- Interactive map of Lipsko Lake
- Location: Livanjsko Polje near Lipa (Livno)
- Coordinates: 43°45′10″N 16°55′02″E﻿ / ﻿43.752800°N 16.917354°E
- Type: Compensation basin for HPP "Orlovac"
- Catchment area: Livanjsko Polje/Bistrica (Livanjsko Polje)/Cetina
- Basin countries: Bosnia and Herzegovina, Croatia
- Surface area: 1 km^{2} (0.39 sq mi)
- Water volume: 1 million cubic metres (810 acre⋅ft)
- Surface elevation: 716 m (2,349 ft)
- Settlements: Livno

= Lipsko Lake =

Lipsko Lake is an artificial lake of Bosnia and Herzegovina. It is located in the municipality of Livno.

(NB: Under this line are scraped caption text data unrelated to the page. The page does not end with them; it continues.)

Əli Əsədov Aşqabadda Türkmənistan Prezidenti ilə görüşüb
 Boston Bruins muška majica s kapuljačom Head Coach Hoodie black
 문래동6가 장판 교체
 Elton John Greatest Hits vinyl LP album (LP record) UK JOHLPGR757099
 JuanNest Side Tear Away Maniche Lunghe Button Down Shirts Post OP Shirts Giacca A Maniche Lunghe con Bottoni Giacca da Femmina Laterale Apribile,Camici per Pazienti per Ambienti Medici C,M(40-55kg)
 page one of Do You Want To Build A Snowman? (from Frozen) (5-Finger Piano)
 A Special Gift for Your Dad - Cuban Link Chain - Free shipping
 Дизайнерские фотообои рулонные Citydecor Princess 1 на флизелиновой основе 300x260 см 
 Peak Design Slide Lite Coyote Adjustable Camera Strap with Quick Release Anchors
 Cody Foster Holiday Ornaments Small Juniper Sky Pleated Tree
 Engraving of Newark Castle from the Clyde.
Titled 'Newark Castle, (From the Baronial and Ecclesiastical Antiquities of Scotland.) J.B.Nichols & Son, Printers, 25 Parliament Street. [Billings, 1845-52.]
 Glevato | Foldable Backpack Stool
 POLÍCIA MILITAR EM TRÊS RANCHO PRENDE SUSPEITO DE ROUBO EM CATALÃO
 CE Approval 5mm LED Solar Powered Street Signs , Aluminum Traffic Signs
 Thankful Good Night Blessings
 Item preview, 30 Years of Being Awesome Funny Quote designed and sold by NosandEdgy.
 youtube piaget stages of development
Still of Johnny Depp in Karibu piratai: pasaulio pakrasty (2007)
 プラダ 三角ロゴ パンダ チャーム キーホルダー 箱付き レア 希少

==Hydropower and irrigation system==
At 20,3 kilometers the Bistrica finally reaches Lipsko Lake, near village of Lipa, which is first and smaller of two artificial reservoirs in hydroelectric power plant system Buško Blato - HPP "Orlovac", other being Buško Blato reservoir. In this system Lipsko Lake is a compensation basin and serves for regulation of an outflow of water toward intake facility at penstock station "Lipa" at the foot of Kamešnica mountain, and across the border into Croatia where hydroelectric power plant "HE Orlovac" is situated. Lipsko Lake is connected with much larger reservoir of Buško Blato, whose head can rise above head of Lipsko Lake up to several meters, via the reversible canal of "Lipsko-Buško" where it stores an excess waters from Livanjsko Polje and the Bistrica, especially during flooding season and high precipitation periods. For transfer of these waters over the barrage "Podgradina", at village Podgradina, into Buško Blato reservoir, system uses reversible pumping station "Buško Blato", built at the point where canal reaches barrage.